Among the changes specified in yesterday’s announcement, MAC promised that within 30 days it will disable its feature that enables users of the CPO to create cover sheets to be used with annual disclosure filings. Previously, the CPO collected issuers’ documents, paired them with standardized cover sheets, and then sent them to all four nationally recognized municipal securities information repositories and three state information depositories.

But sources said that the change was relatively small because the same information will go to the NRMSIRs, but it won’t be included in a separate cover sheet.
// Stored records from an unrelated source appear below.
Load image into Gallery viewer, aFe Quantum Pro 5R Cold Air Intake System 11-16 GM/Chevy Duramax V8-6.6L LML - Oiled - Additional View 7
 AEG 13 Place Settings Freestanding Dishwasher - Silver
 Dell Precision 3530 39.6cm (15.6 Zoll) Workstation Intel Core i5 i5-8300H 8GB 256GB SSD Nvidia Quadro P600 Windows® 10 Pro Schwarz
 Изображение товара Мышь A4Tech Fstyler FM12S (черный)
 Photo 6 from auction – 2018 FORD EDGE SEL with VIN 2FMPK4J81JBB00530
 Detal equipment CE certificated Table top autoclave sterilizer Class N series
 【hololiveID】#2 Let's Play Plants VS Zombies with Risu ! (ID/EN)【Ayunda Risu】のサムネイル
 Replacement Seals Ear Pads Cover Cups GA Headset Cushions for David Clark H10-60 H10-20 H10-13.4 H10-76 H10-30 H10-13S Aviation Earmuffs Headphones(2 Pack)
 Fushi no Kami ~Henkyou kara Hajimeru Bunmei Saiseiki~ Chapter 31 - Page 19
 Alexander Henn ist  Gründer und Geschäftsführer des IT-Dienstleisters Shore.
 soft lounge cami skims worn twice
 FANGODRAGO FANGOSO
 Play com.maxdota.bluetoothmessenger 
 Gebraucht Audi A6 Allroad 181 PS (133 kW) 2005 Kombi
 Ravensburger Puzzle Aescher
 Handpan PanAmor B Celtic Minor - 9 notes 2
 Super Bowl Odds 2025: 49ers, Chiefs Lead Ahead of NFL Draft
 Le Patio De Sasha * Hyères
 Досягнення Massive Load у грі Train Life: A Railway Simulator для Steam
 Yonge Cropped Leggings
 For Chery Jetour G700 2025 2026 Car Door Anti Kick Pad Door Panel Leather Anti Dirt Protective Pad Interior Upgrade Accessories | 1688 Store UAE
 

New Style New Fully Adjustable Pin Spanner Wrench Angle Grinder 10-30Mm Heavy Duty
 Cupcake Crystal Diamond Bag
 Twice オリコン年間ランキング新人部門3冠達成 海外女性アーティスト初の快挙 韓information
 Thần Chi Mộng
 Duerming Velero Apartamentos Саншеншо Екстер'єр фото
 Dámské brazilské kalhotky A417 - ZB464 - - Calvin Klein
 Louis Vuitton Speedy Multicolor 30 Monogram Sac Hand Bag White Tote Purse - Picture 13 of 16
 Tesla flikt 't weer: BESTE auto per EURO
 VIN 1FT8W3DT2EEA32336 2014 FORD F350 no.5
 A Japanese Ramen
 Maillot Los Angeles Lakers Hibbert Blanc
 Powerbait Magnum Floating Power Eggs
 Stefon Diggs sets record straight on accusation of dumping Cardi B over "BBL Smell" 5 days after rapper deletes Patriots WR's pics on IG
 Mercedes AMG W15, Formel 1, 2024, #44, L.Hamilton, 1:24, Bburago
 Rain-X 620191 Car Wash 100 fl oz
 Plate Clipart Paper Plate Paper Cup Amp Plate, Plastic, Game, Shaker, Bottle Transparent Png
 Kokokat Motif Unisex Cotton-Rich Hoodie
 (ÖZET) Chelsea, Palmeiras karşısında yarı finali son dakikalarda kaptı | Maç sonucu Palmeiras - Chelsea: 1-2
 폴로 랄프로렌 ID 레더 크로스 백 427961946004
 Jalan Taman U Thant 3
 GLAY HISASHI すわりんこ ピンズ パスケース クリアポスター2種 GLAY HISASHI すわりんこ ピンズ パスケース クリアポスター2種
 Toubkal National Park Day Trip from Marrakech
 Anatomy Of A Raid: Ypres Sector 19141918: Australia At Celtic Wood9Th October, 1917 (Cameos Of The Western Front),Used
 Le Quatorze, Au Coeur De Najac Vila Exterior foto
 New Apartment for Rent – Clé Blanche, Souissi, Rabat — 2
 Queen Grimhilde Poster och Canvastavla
Also under the settlement, issuers will not be able to download their disclosure documents more than 30 days after they are filed. Still, the filing index that the CPO maintains, which records all filings, will not be altered.

In fact, the statement released Monday said DAC will begin contributing to the CPO by the end of next year. “While DAC will continue to submit all filings made on the DAC System to the NRMSIRs and [State Information Depository], DAC will begin by December 11, 2008 to also send filing information to the CPO to enable the creation of a master index of filings, for the benefit of the market as a whole,” the statement said.

In another change to the CPO, MAC agreed to disable within a year a feature that e-mails CPO customers alerting them to filing deadlines for their secondary market disclosure documents.

In addition, by July 11 the CPO will modify its Web site and promotional materials to reflect the modifications.

“Overall we are very pleased to reach the global settlement and the ability to get back to business and providing the best disclosure system in the industry,” said Paula Stuart, CEO of DAC, in a statement. She did not return emails seeking additional comment.

Drew Masterson, chairman of the MAC, said: “DAC offered to resolve our differences in January of this year and has worked diligently to arrive at the solution reached today.” DAC had originally filed its lawsuit in January, claiming the CPO violated a patent it obtained Dec. 26 that extends back to April 22, 2002. DAC charged the MAC copied the features of its system for the CPO and asked the court for injunctive relief, triple damages, and the payment of attorney’s fees.

The CPO, which started up in September 2004, was devised by the Muni Council, a group of 18 muni market groups working to improve secondary market disclosure, to both provide issuers with a one-stop filing place for secondary market disclosure documents and eliminate inconsistencies in the way the NRMSIRs obtained and filed the documents. The CPO operates from the Web site DisclosureUSA.com.

DAC, which began operating in 2001, offers a broad array of disclosure services, including setting up issuer conferences for investors. It operates through dacbond.com.